## SOURCE DATA
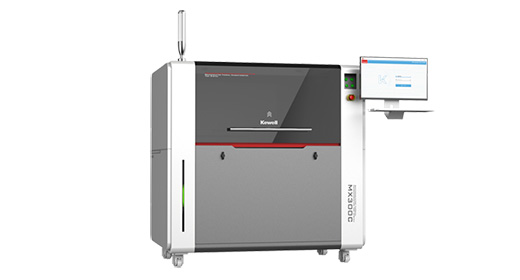 Kewell科威尔 MX300C系列功率器件热特性测试系统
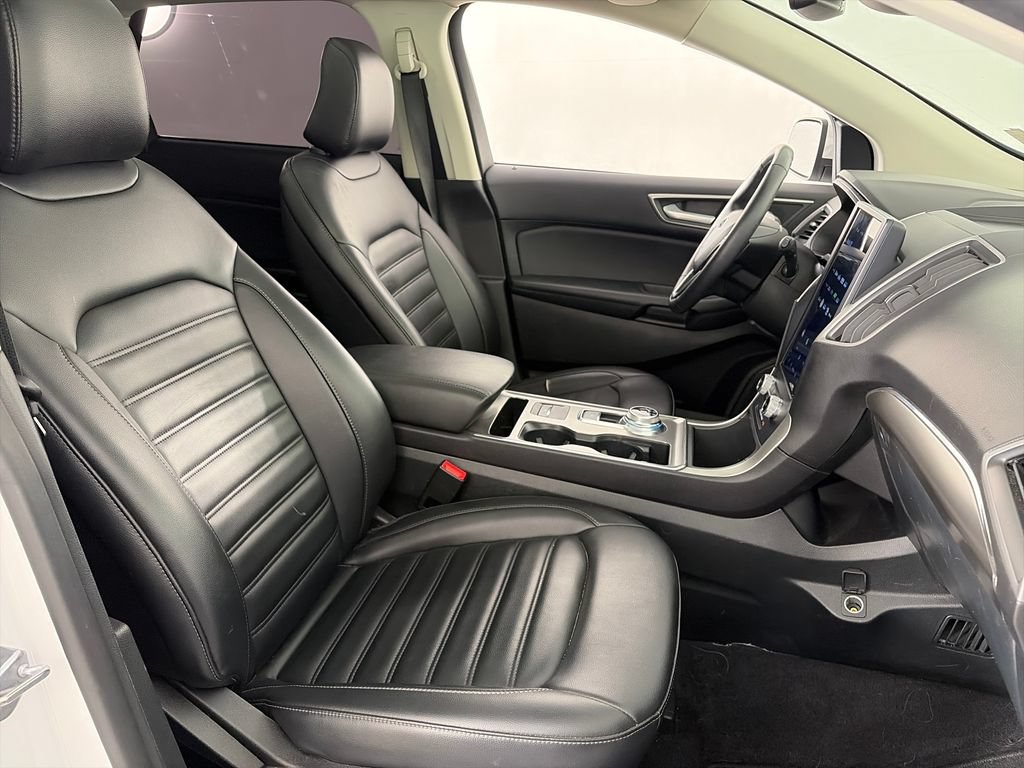 Used 2022 Ford Edge SEL w/ Convenience Package AWD/4WD image 31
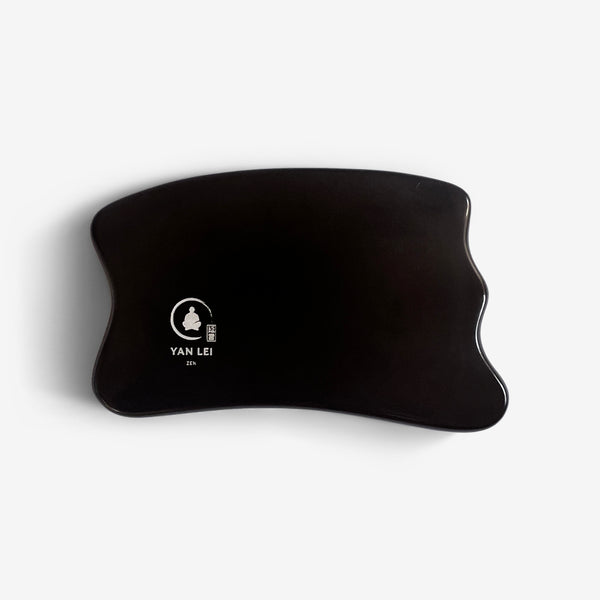 Gua Sha - Traditional Chinese Massage Stone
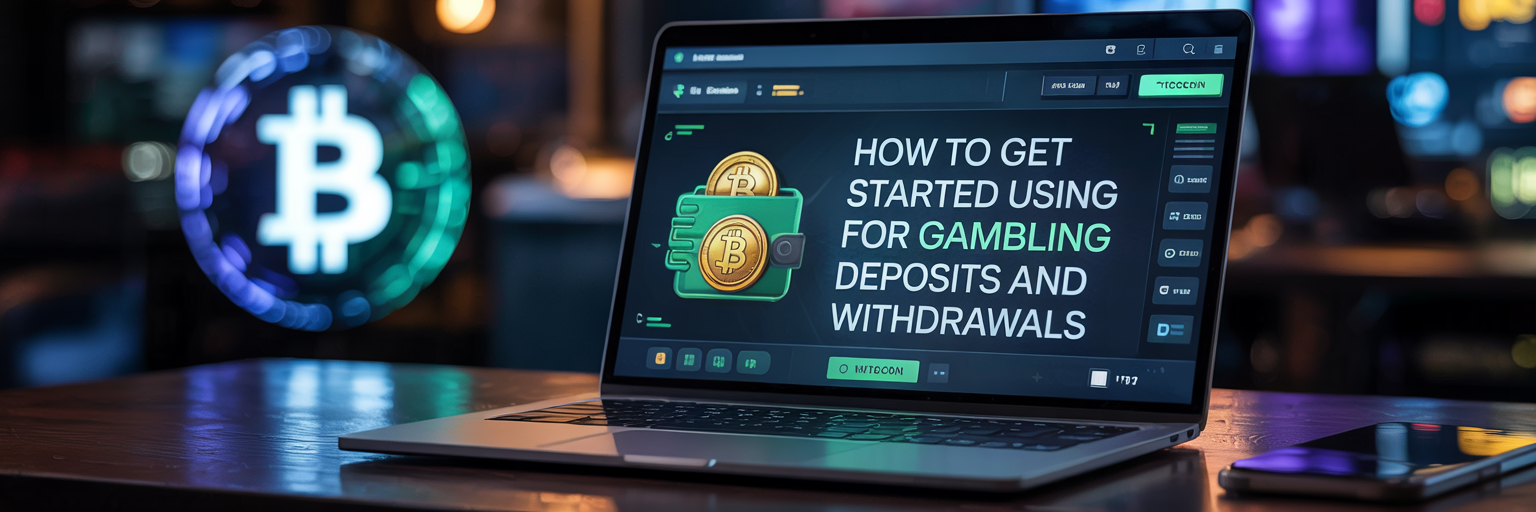 How to Get Started Using Bitcoin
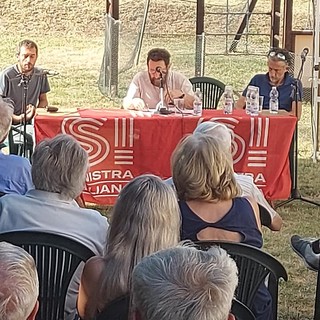 (Foto di repertorio) (Foto di repertorio)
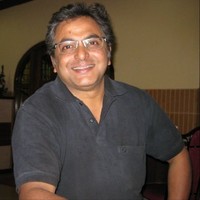 KRYPTON Systems Employee Gautam Guha's profile photo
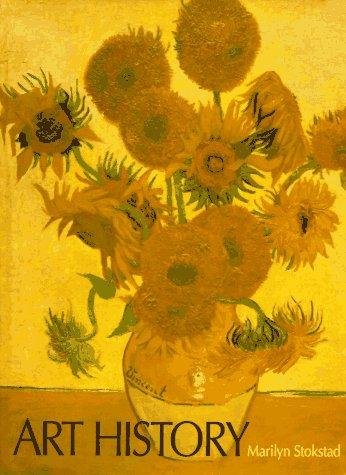 Art History 0810927764 Book Cover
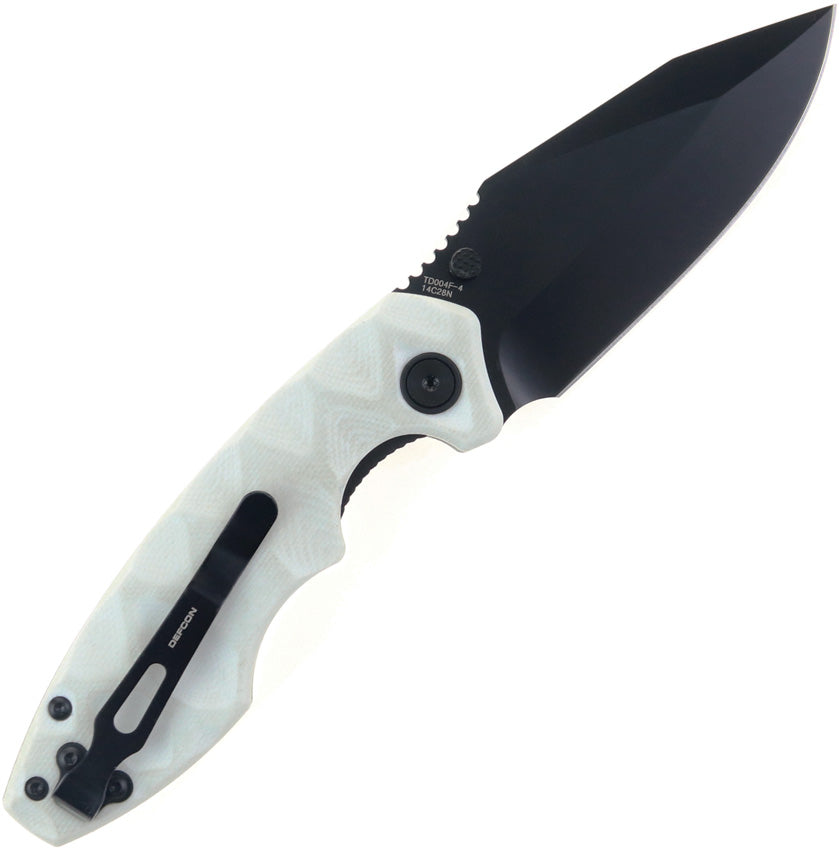 Linerlock Jade - TD004F4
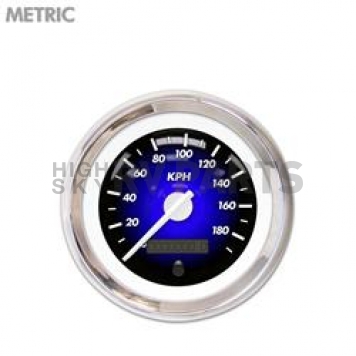 Aurora Instuments Speedometer 5523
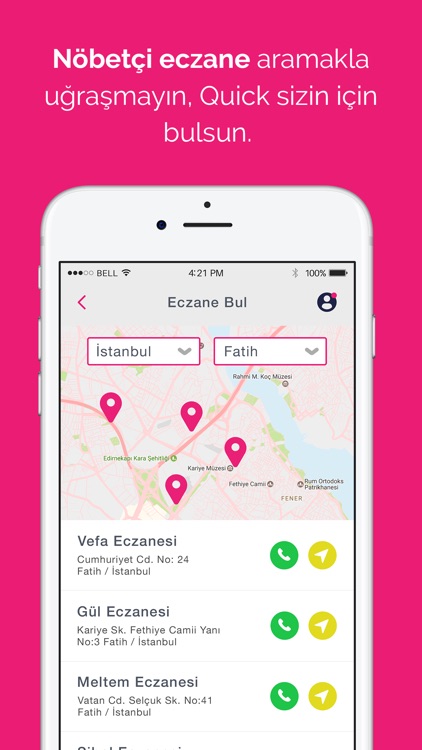 Quick Sigorta screenshot-3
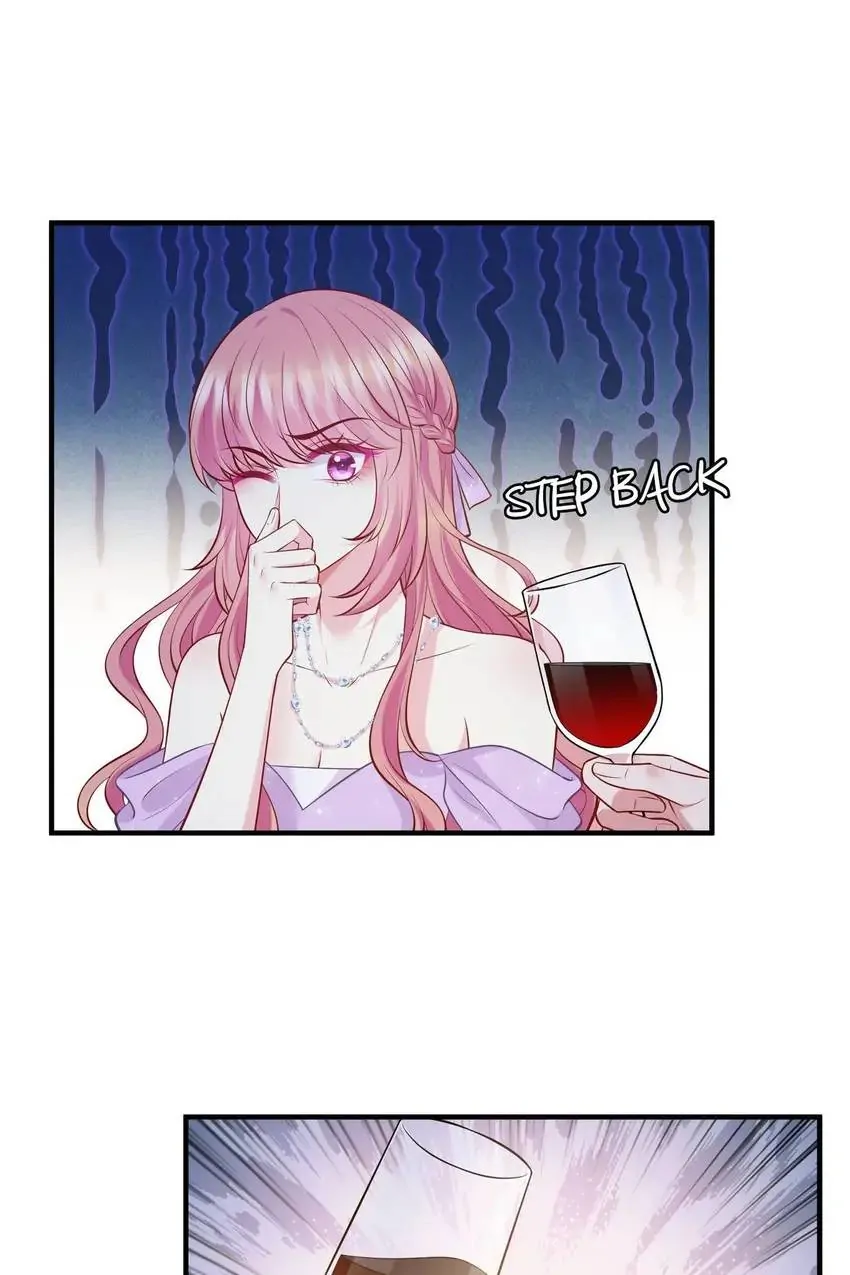 Embrace My Shadow Chapter 424 - Page 36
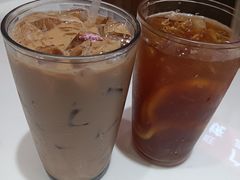 -万煲旺·香港老传承煲仔饭·猪杂汤(客村店)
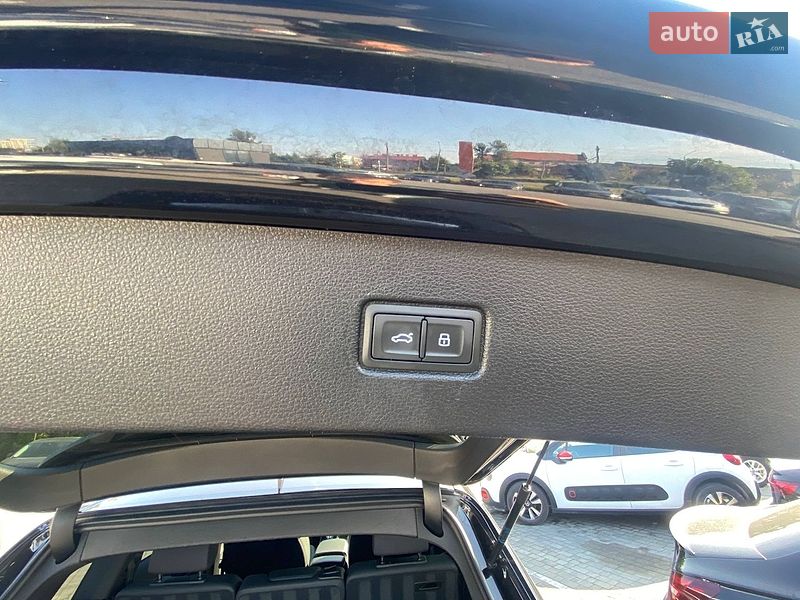 Позашляховик / Кросовер Audi Q7 2020 в Львові фото 37 Позашляховик / Кросовер Audi Q7 2020 в Львові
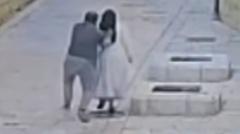 محكمة إسرائيلية تُبرّئ مهاجم الراهبة في القدس بسبب حالة نفسية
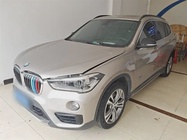 BMW X1 2016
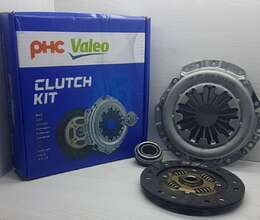 Kia Rio 1.4 Benzin 2005–2011 Çaska Feredo Vjimnoy Komplekt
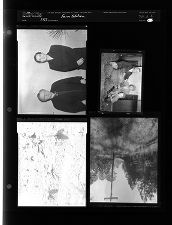 Farm Edition (4 Negatives), 1953 [Sleeve 32, Folder b, Box 2]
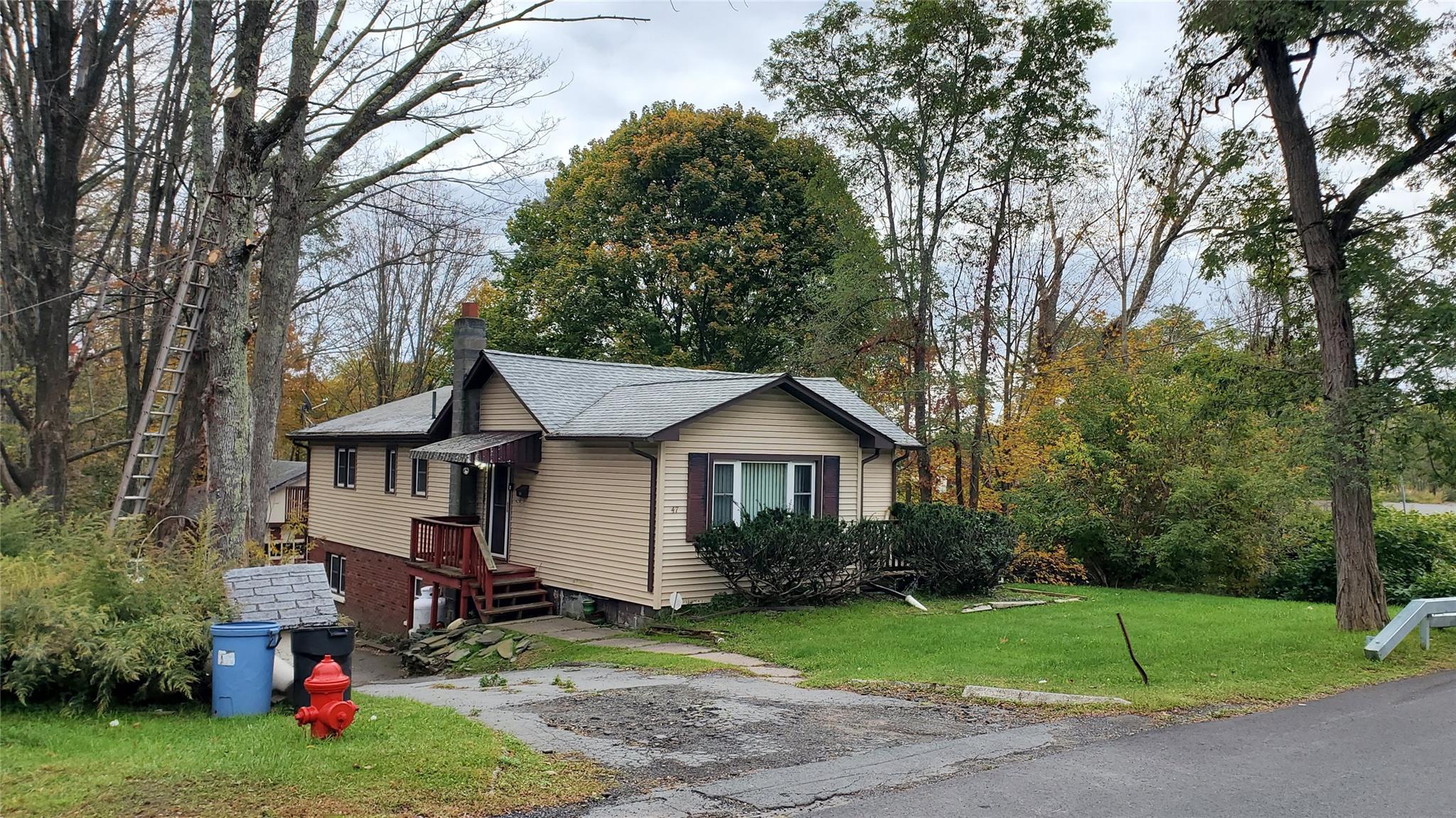 47 Waverly Avenue, Monticello, New York image 2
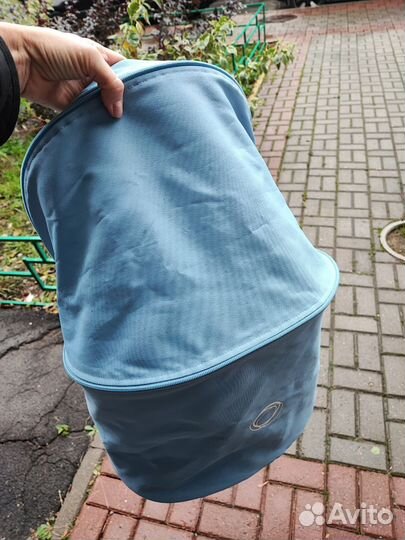 Коляска Bugaboo и аксессуары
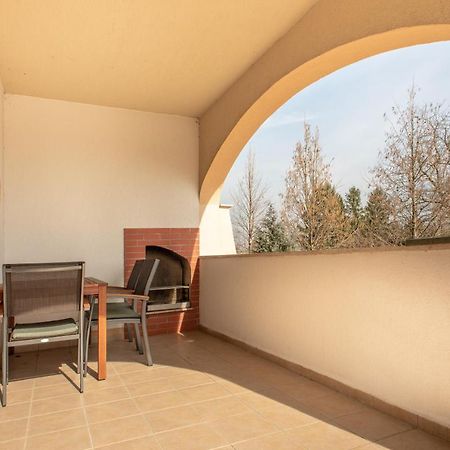 Modor Apartman Alsopahok Exterior photo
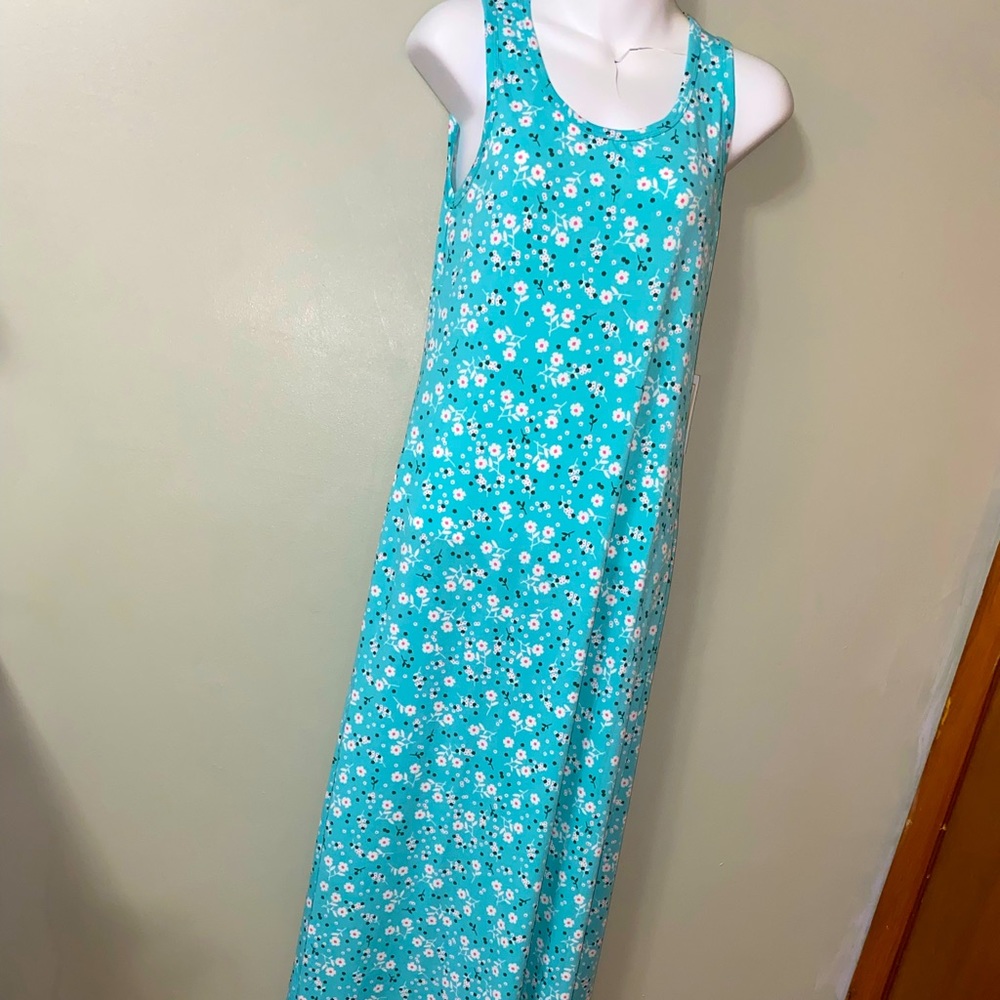 Womens Lularoe Dress New Size Small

## WHAT YOU HAVE TO DO
From the line containing "47 Waverly Avenue, Monticello, New" through the last line of the data above, write out every line word for word, and nothing else. Do not include the pictures.

## TASK RESULT
 47 Waverly Avenue, Monticello, New York image 2
 Коляска Bugaboo и аксессуары
 Modor Apartman Alsopahok Exterior photo
 Womens Lularoe Dress New Size Small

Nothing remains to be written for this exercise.